Brett and I have made an intentional effort to give Caleb and Chloe one-on-one time, and that helps tremendously.
Caleb is so sweet.  He often wants to lay by Luke or hold him.  Then, he will say things like, “I sure like Luke,” or “Luke sure is cute.”  (Caleb uses “sure” a lot, which is cute!)
Caleb has also told me on two different occasions, “I have a lot of milk in my tummy, so can I feed Luke this time?”  The second time he actually specified that he had chocolate and white milk, so he was really full of milk.  (I did not use that opportunity to tell him where milk actually comes from, which actually is really fascinating that our bodies can produce milk on command, basically).

Chloe treats Luke like one of her baby dolls.  She tries to undress him and change his diaper, which he, surprisingly, is not a huge fan of.  She also likes to put her baby dolls in his car seat and swing.  (Let’s not mention the amount of diapers and wipes she wastes changing her dolls’ diapers!).

I am really happy with how my little family of 5 is doing.  I am still really tired most of the time, but it is just typical newborn tired.  Brett has been the most amazing dad and husband….and has done so much to ease my load.  I feel like all I do is take care of Luke (except when he’s at work, of course), while he takes care of the big kids.

Which, by the way, my kids seem HUGE compared to Luke.  Especially Chloe.  She is in that phase where she is chunking up before she grows in height.  She is just precious, and I love her little chunkiness (which is hardly chunky…just thicker than her normal skinny self).  Caleb will be 4 in a few weeks, and I can hardly figure out how that happened so fast.
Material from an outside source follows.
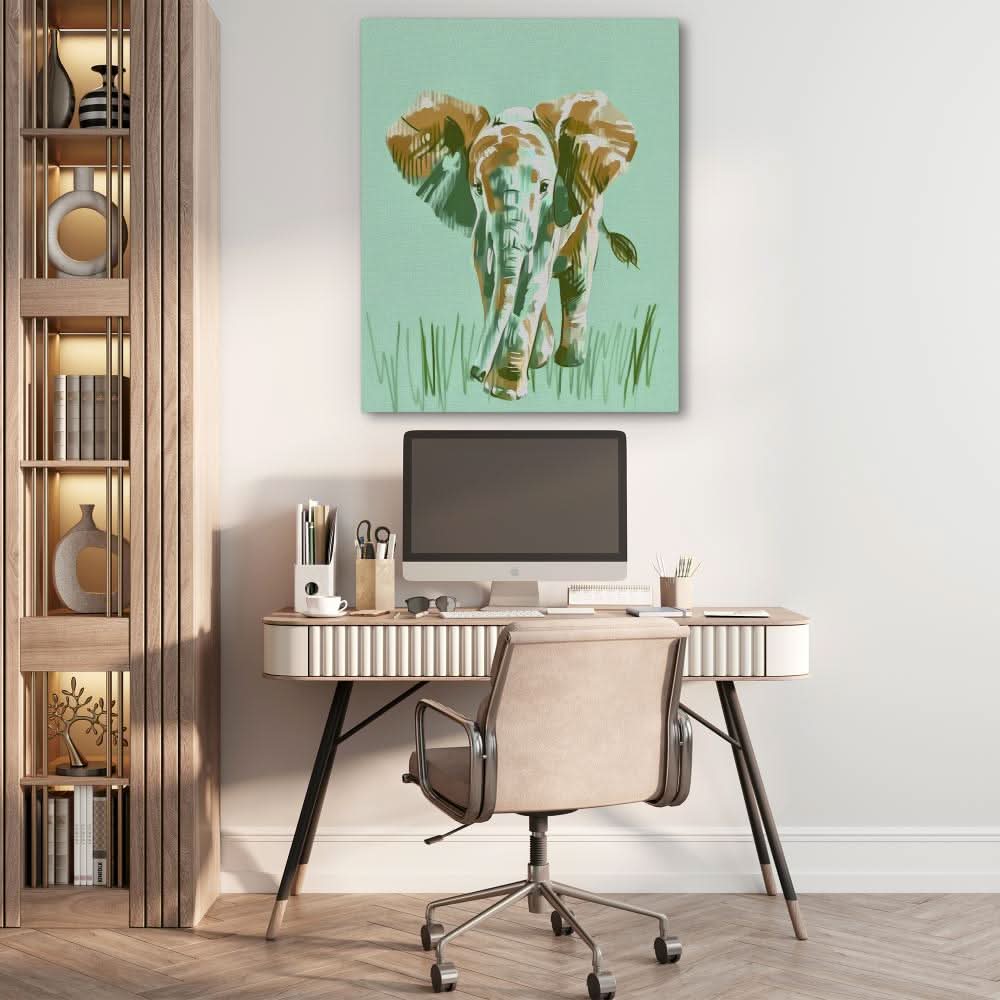 Baby Giant - Baby Animal Wall Art in Black Frame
I am really enjoying not being pregnant.  I never realize how miserable pregnancy is until after I am done.  Fortunately, awesome kids come as a result, so it is totally worth it.  But the thought of doing it again in 2-3 years is so unappealing (except for the end result!).  We plan to stop at 4 kids, so at least we are 3/4 of the way done.
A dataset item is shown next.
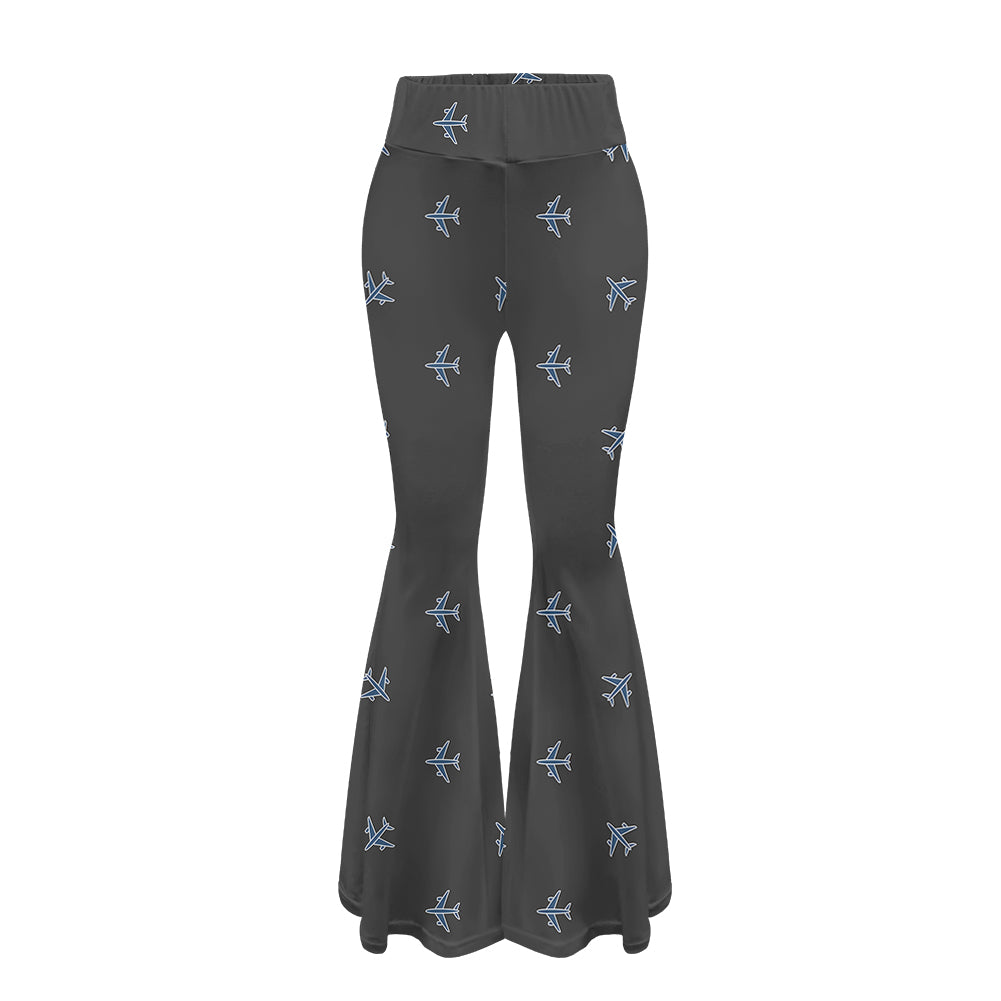 Nice Airplanes (Gray) 2 Designed Women Yoga Flared Pants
Life is good.  Tiring but good.  My c-section recovery is going quite well, but I am not enjoying “taking it easy”.  But, if I don’t then I regret it later.  I am excited to be able to be 100% again.  That may be awhile, because as long as I have to wake up a lot during the night, I am not 100%, unfortunately.

God is so good.  We are loving life and excited to see all of our kids continue to grow and change.
Caleb is in the “why” phase.  He follows everything with “Why?” (even if he asks a question and I say ok, he still asks, “why?”).  I actually do not mind it much because I love to see how much he is developing.  He has a huge imagination and is starting to play make-believe.  I love watching him play with his guys….talking to them and using his imagination!
One neat attribute about Caleb is that he has the best memory.  He can recognize (by name) places that he has only been once or twice in his life (which could have been like 6 months ago).  It is crazy how visually aware he is!

Chloe is in the wonderful 2 year old phase (which I actually prefer to the 3’s).  She is so cute but boy, she is feisty.  Obedience is not her top priority.  She is so sweet, though, and in her own little world.  At home, she runs everywhere.  But out in public, she walks slowly and enjoys the scenery.  Chloe loves to pray and worship the Lord.  She is all that is girl–she loves make-up, doing her hair, and changing clothes during the day!  I love seeing her girliness come out….except in the form of screaming, which she does often.

At mealtimes, we always pray.  Caleb and Chloe each pray.  Caleb always says, “Dear God, thank you for our food.  Oh, man (instead of Amen).”  BUT, sometimes he tricks us and says, “Amen.”  To which he follows up with, “We are back to Amen.”  Then, a few days later, we will go back to “oh, man!”  You just never know :).  Chloe will pray silently then declare either, “Amen or Oh, man,” depending on which one we are on that day!  I find it very amusing and it makes me laugh every time!!

Well, Luke needs to eat.  Have a great day!!!